Psychiatric case study of a French policeman in Algiers, reported by F. Fanon in The Wretched of the Earth (Penguin Books, 1963) p. 213—214.

Thursday, 19 April 2007

Day 66

Miller, R.B.

Michel Foucalt opens his study of the human sciences by citing a taxonomy that Borges found in an old Chinese encyclopaedia, which divided all animals into the following categories: (a) belonging to the Emperor, (b) embalmed, (c) tame, (d) sucking pigs, (e) sirens, (f) fabulous, (g) stray dogs, (h) included in the present classification, (i) frenzied, (j) innumerable, (k) drawn with a very fine camel hair brush, (l) et cetera, (m) having just broken the water pitcher, (n) those that from a long way off look like flies.
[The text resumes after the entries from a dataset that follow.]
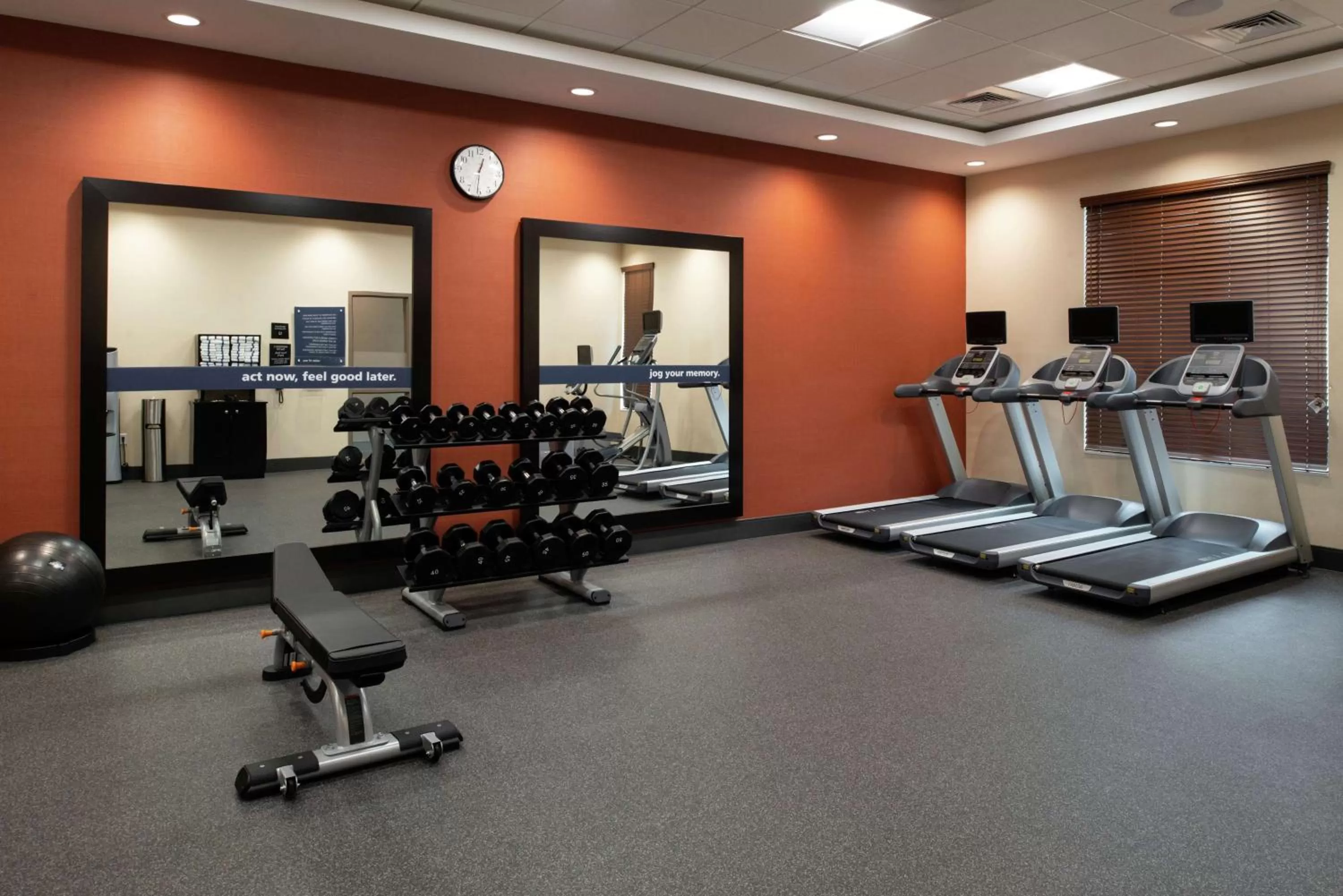 Fitness centre/facilities in Hampton Inn & Suites Buena Park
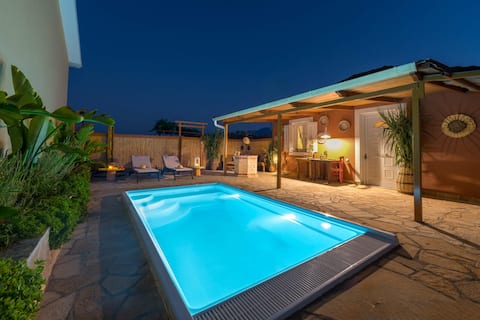 Kanela Farm House - Private Pool Holiday Home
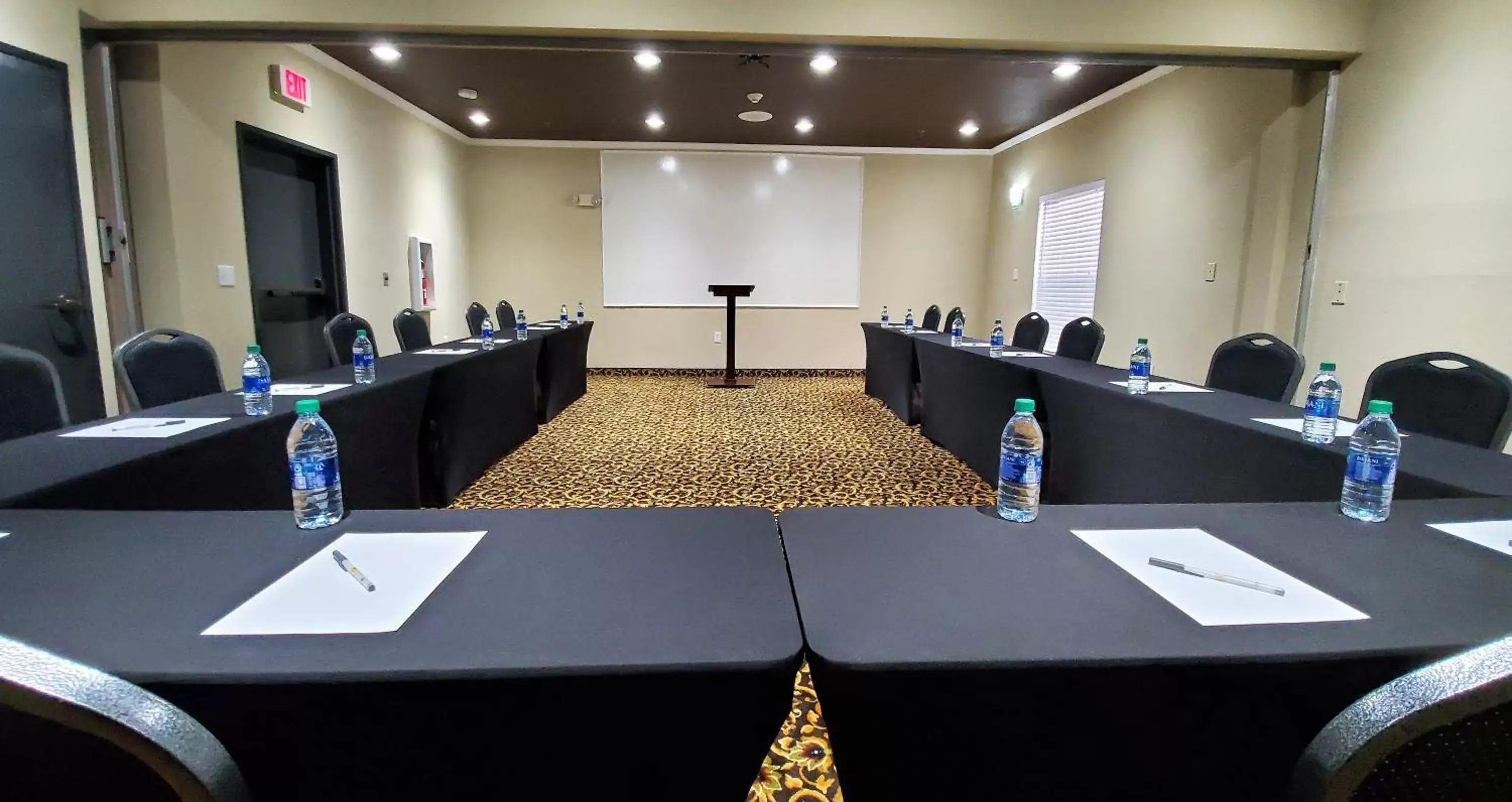 Meeting/conference room in Super 8 by Wyndham High Point/Greensboro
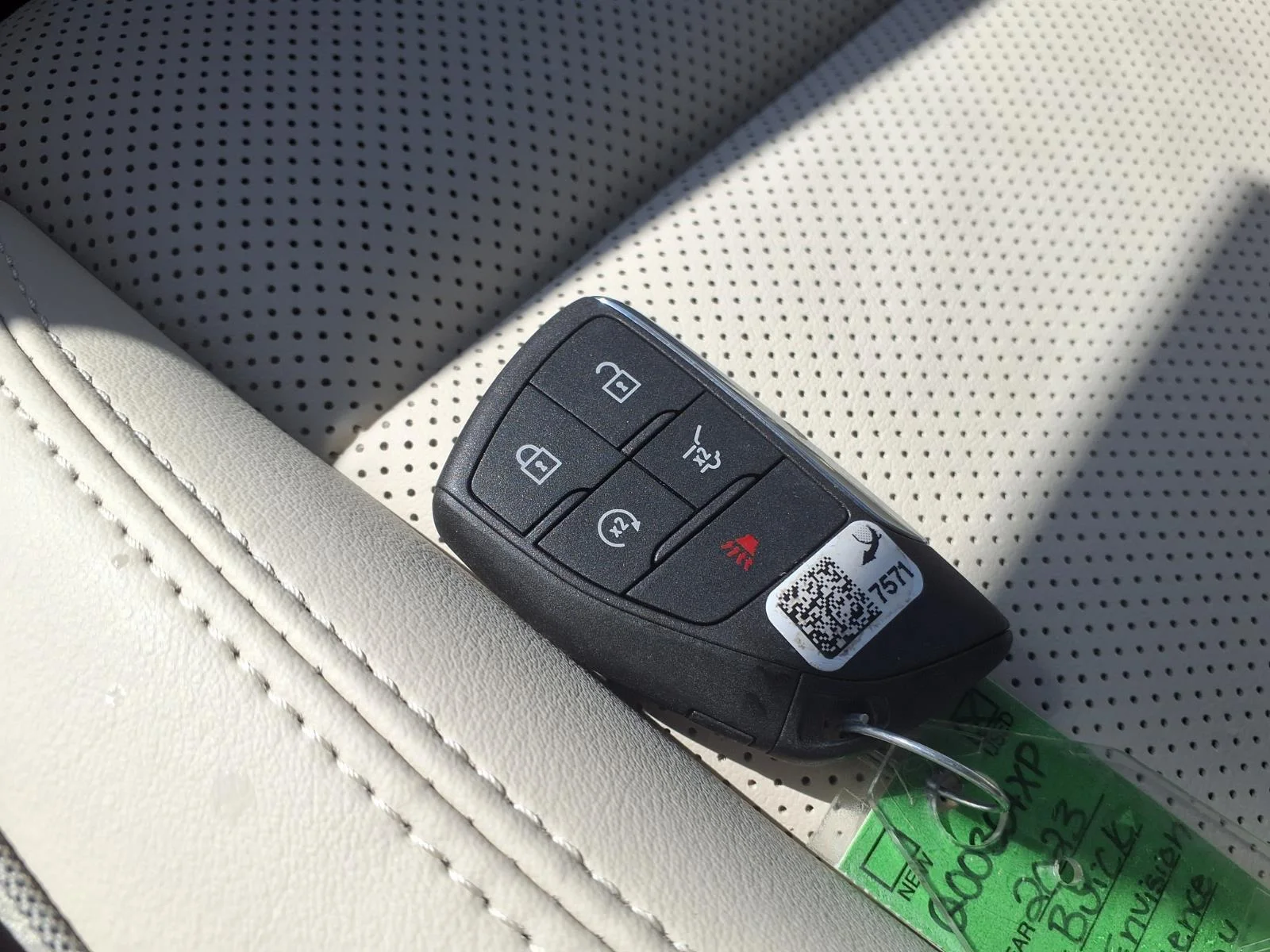 Used 2023 Moonstone Gray Metallic Buick Essence image 15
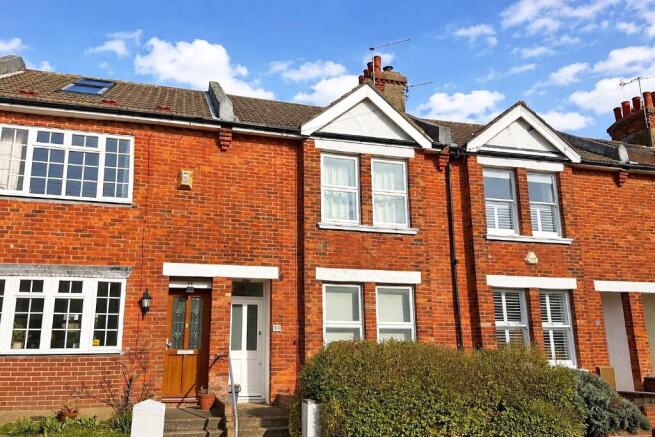 2 bed property, in Ashford Road, £525,000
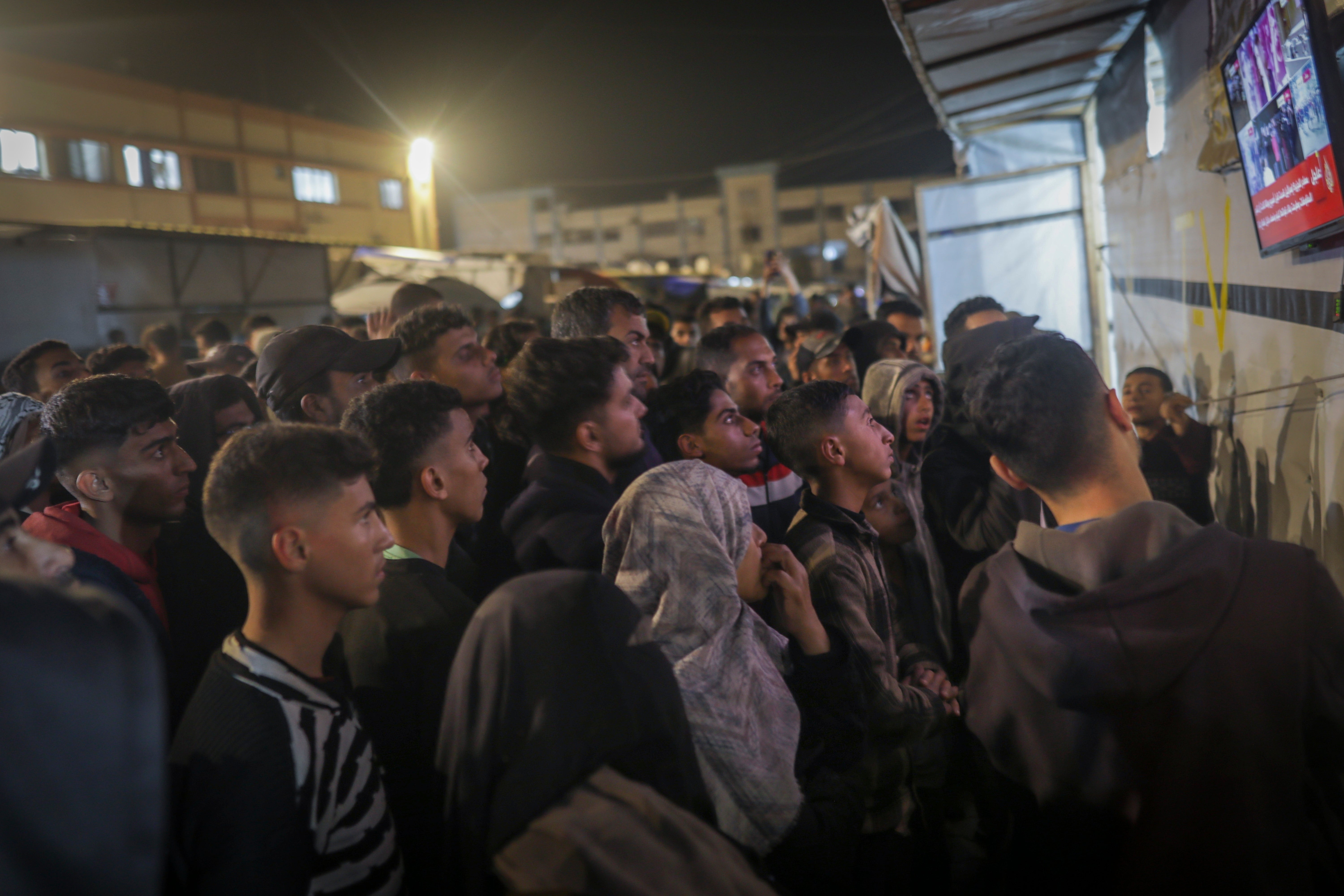Palestinci gledaju TV dok čekaju objavu sporazuma o prekidu vatre između Hamasa i Izraela u Khan Younisu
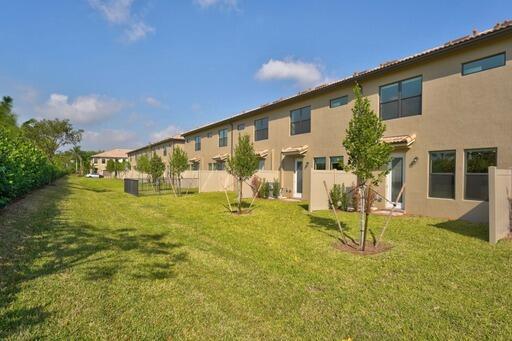 FIELDS AT GULFSTREAM POLO PUD PLAT SIX - Residential Lease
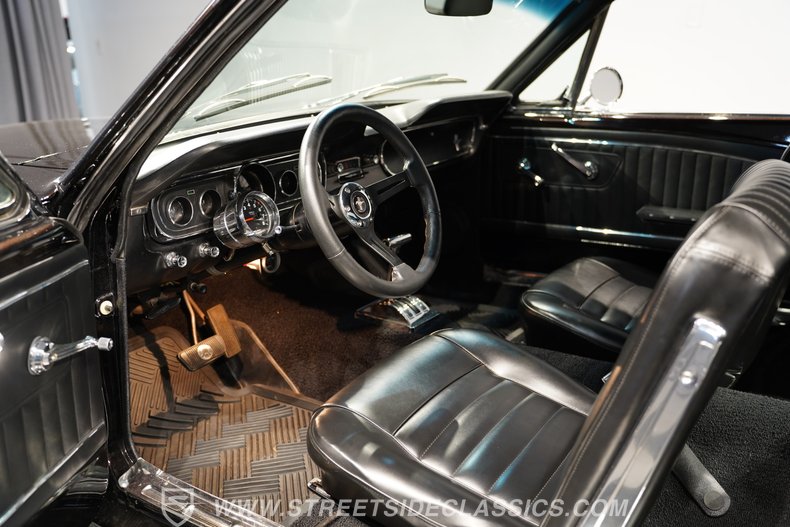 1965 Ford Mustang 4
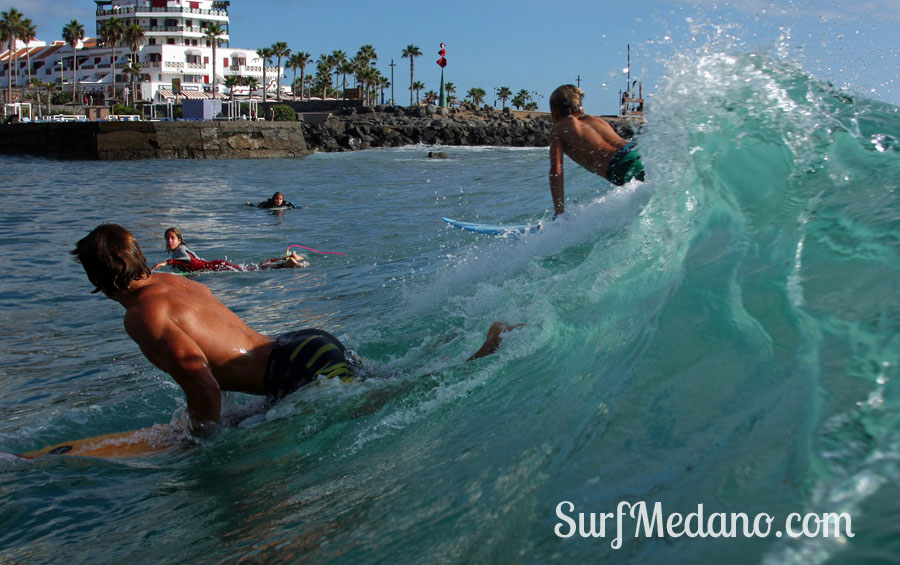 Surfing and bodyboarding on Derecha and Izquierda in Las Americas Tenerife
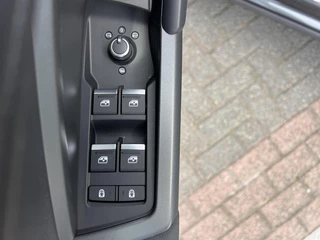 Audi Q3 Audi Q3 35 TFSI S edition Automaat Navi 20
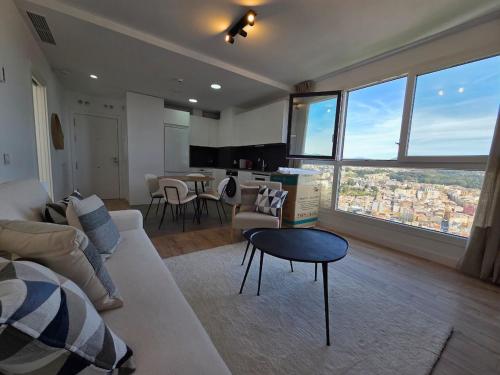 Skyline VIII Pool & Coworking by ELE Apartments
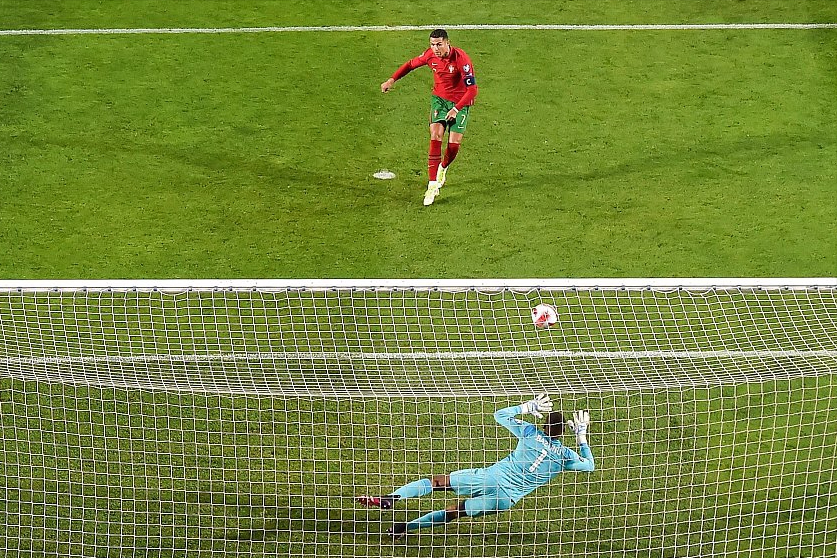 开云平台-阿根廷力克玻利维亚，布鲁诺完成里程碑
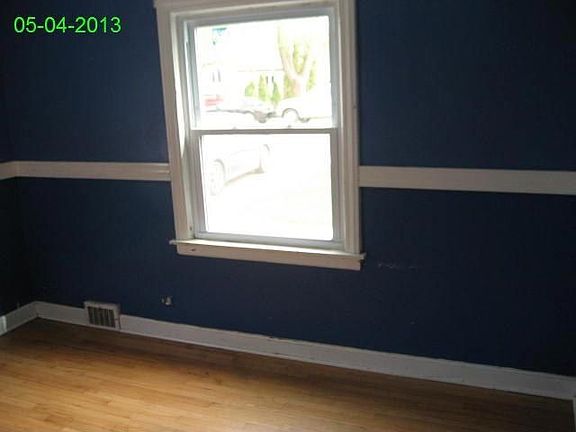 5th image of 360 E Dickens Ave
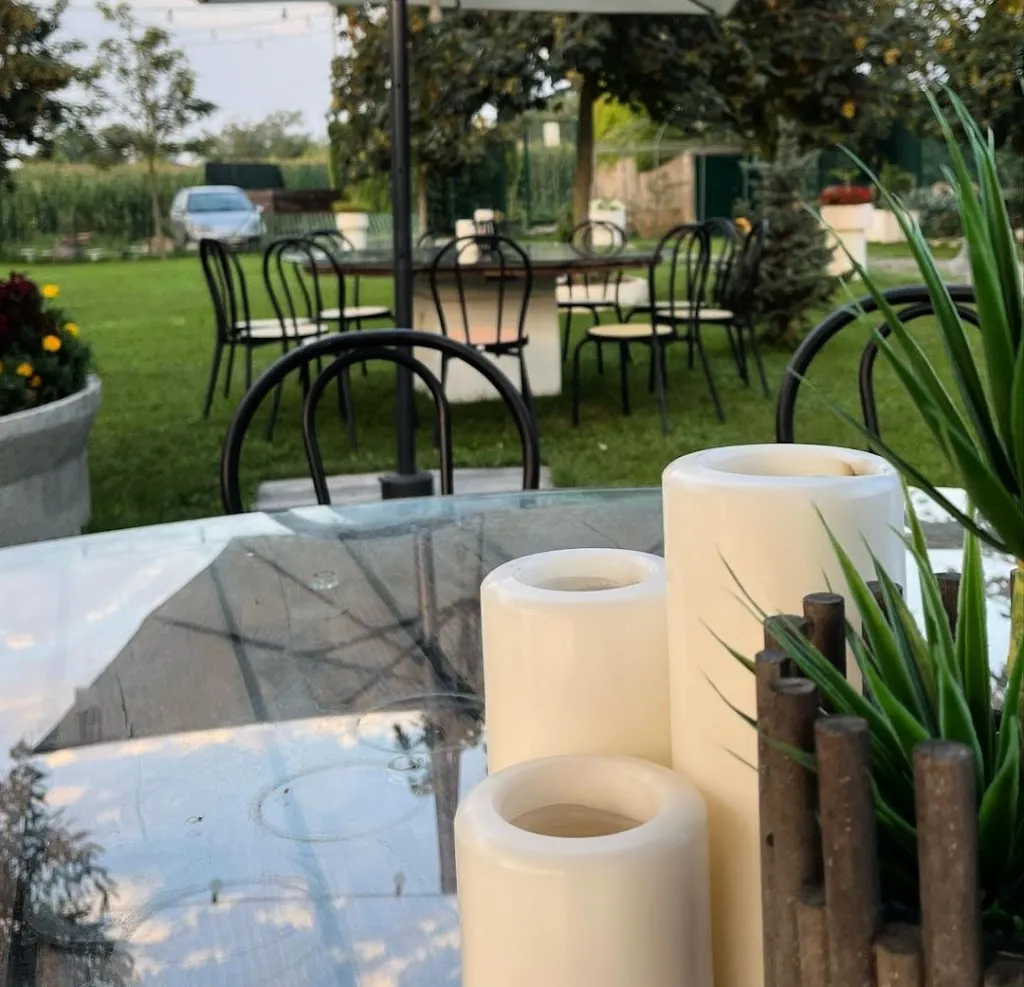 Ristorante pizzeria Parco Lura_Rovello Porro_slider_image_1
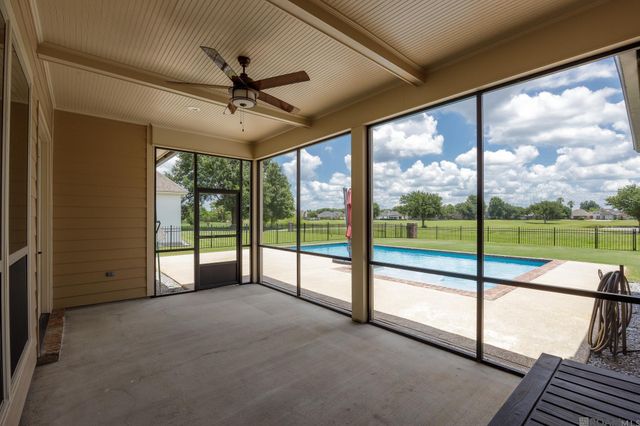 6060 Royal Palms Ct, Gonzales, LA 70737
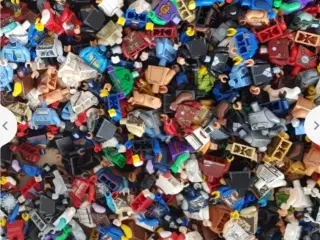 Lego minifigure + dele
All taxonomies have an inherent and self-evident validity to those who subscribe to them, and the Chinese encyclopaedist is no exception.

‘Social Science and the challenge of global environmental change’ International Social Science Journal: Global Environmental Change 130 November 1991 p. 609—617.

Tuesday, 17 April 2007

Day 65

Denning, Lord

If the [Birmingham Six] win [their appeal against conviction] it will mean that the police were guilty of perjury, that they were guilty of violence and threats, that the confessions were involuntary and were improperly admitted in evidence and that the convictions were erroneous. That would mean that the home secretary would either have to recommend they be pardoned or he would have to remit the case to the Court of Appeal. This is such an appalling vista that every sensible person in the land would say: it cannot be right that these actions should go further.

Lord Denning in his capacity as Master of the Roles. Cited by R. Bennett in ‘Criminal Justice’ London Review of Books 24 June 1993 p. 3.

Friday, 13 April 2007

Day 64

Chomsky, N.
What can one say about a country where a museum of science in a great city can feature an exhibit in which people fire machine guns from a helicopter at Vietnamese huts, with a light flashing when a hit is scored? What can one say about a country where such an idea can even be considered?

American Power and the New Mandarins (Pelican Books, London 1969) p. 17.

Thursday, 12 April 2007

Day 63

Gurdjieff, G.

[Man] is attached to everything in his life; attached to his imagination, attached to his stupidity, attached even to his suffering - possibly to his suffering more than anything else.

Quoted by Ouspensky In Search of the Miraculous.

Wednesday, 11 April 2007

Day 62

Agassiz, J. L. R. (1807—1873)

It has been charged upon the views here advanced that they tend to the support of slavery. ... Is that a fair objection to a philosophical investigation?

‘The Diversity of Origin of the Human Races’ Christian Examiner (1850) 49 113. Cited by S.J. Gould in The Mismeasure of Man (Pelican Books 1984) p. 45 and in ‘Flaws in a Victorian Veil’ in The Panda’s Thumb (WW Norton, New York, 1980) p. 171.

Tuesday, 10 April 2007

Day 61

Adams, D.

It is an important and popular fact that things are not always what they seem. For instance, on the planet Earth, man had always assumed that he was more intelligent than dolphins because he had achieved so much...the wheel, New York, wars and so on...whilst all the dolphins had done was muck about in the water having a good time. But conversely, the dolphins had always believed that they were far more intelligent than man...for precisely the same reasons.

The Hitch-Hikers Guide to the Galaxy (Pan Books, London 1979) p. 119.